To further characterize the significant pathways identified, we split them into two classes based on the corresponding genes significance. Let \(\Omega\) be a significant pathway with FDR(\(\Omega\)) \(\le 0.05\). Suppose \(\Omega\) is defined from \(\{{g}_{1},\ldots,{g}_{n}\}\) genes (called original genes) of which \(\{{g}_{1},\ldots,{g}_{\widetilde{n}}\}\) (\(\widetilde{n}\le n\)) are those also reliable in the tissue considered (called T-score genes) and hence used to compute the corresponding pathway score. We divided pathways into two categories. The first category is composed of pathways with at least one gene more significant than the pathway association, i.e. it exists a gene \({g}_{i}\in \{{g}_{1},\ldots,{g}_{\widetilde{n}}\}\) such that p-value (\({g}_{i}\)) ≤ p-value (\(\Omega\)). The remaining significant pathways (second category) are then formed by genes all less significant than the pathway itself, i.e. for all \({g}_{i}\in \{{g}_{1},\ldots,{g}_{\widetilde{n}}\}\) it results p-value (\({g}_{i}\)) \( { > } \) p-value(\(\Omega\)). These are further split in those including at least one gene significant at FDR 0.05 (green) and those having no gene passing FDR 0.05 threshold, hence considered “novel”. Pathways in the first category are perturbed by the action one or more strong effect genes with non-concordant effects, whereas pathways in the second category are disrupted by the aggregation of effects, either from putative targets identified from TWAS or from completely weak signals that would be missed using a p-value cut-off strategy, hence novel.

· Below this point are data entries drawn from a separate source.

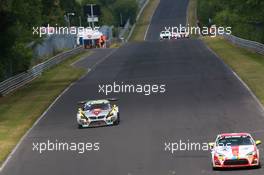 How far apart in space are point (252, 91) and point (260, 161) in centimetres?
2051

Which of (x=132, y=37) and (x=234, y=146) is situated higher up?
(x=234, y=146)

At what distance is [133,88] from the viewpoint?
52.0 m

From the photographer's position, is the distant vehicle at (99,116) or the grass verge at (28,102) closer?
the distant vehicle at (99,116)

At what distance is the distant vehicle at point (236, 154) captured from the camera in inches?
957

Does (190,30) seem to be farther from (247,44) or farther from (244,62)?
(244,62)

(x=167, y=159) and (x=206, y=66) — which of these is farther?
(x=206, y=66)

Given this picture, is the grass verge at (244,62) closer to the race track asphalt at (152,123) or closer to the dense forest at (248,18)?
the race track asphalt at (152,123)

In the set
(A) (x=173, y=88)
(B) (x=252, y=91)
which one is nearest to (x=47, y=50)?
(A) (x=173, y=88)

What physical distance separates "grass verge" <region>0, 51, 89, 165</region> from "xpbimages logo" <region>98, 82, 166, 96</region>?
3.26 meters

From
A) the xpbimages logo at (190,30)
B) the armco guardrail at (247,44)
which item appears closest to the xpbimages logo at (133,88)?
the armco guardrail at (247,44)

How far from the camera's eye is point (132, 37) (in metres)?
144

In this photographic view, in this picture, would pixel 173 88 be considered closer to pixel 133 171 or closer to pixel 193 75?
pixel 193 75

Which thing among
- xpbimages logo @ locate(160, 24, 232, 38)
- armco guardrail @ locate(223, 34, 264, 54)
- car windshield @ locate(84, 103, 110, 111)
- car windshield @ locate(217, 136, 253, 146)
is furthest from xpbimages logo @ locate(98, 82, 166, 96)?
xpbimages logo @ locate(160, 24, 232, 38)

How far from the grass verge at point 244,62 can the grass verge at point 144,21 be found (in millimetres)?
50029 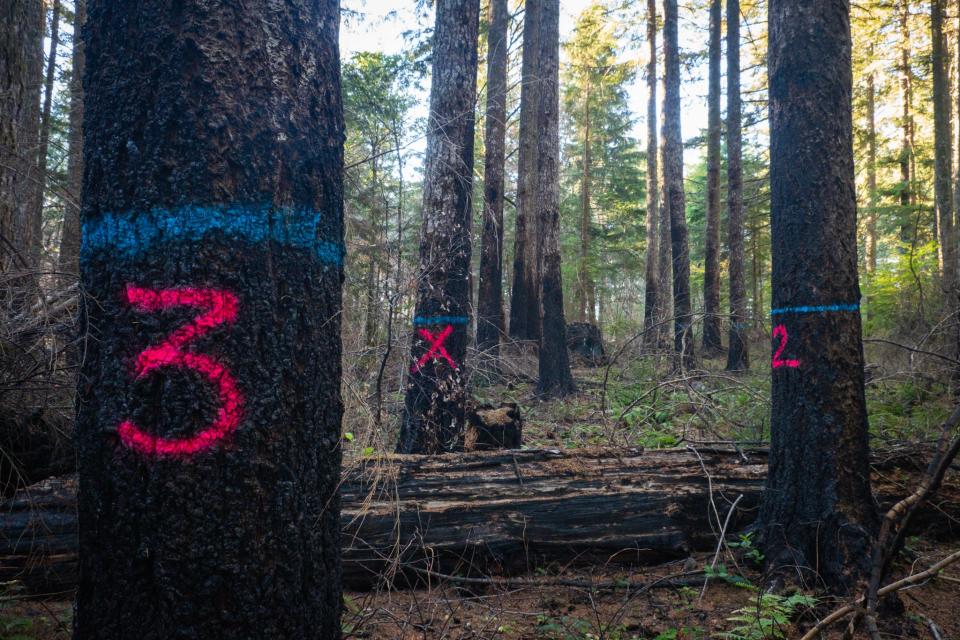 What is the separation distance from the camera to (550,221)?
10.2m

For group-specific pathway/endophenotype analysis, we only considered group specific pathways (PALAS 2, FDR ≤ 0.1) that were also significantly associated with the respective endophenotype (FDR ≤ 0.1) and plotted a subset of selected results from this pathway group in Fig. 5b. All pathways are listed in Supplementary Data 6.

Patient stratification based on gene T-scores

For the purpose of stratifying patients based solely on genetically derived data (Supplementary Fig. 1 Module 3), we adopted a graph-based clustering approach similar to the PhenoGraph method⁷² developed to identify clusters in large high-dimensional data sets. This method is well established in the field of gene expression based clustering and also implemented in one of the most popular analysis toolboxes Seurat⁷³. Since this method is tailored to (single-cell) gene expression data, well established in the field and highly computational efficient (a key requirement due to the high number of samples on genotype-only cohorts), we chose this general clustering approach. This method relies on the embedding of high-dimensional data points in a graph structure with edges (i.e. similarity) defined from shared overlap in their local neighborhoods. Similarly to previous improved implementations of this method⁷³, we apply a modularity optimization technique to obtain well defined clusters, e.g. the recently developed Leiden clustering. Compared to the previous strategy based the Louvain clustering, Leiden clustering ensures well-connected communities²⁹. The sparse similarity matrix for each pair of samples based on the number of shared nearest neighbor (SNN) is constructed starting from the scaled exponential similarity kernel⁷⁴ (see below). This allows to capture more complex relationship between data points and to consider the local density of the data due to the customized scaling parameter \({\sigma }_{i,j}\). We therefore opted for this similarity measure which is also widely used in the field.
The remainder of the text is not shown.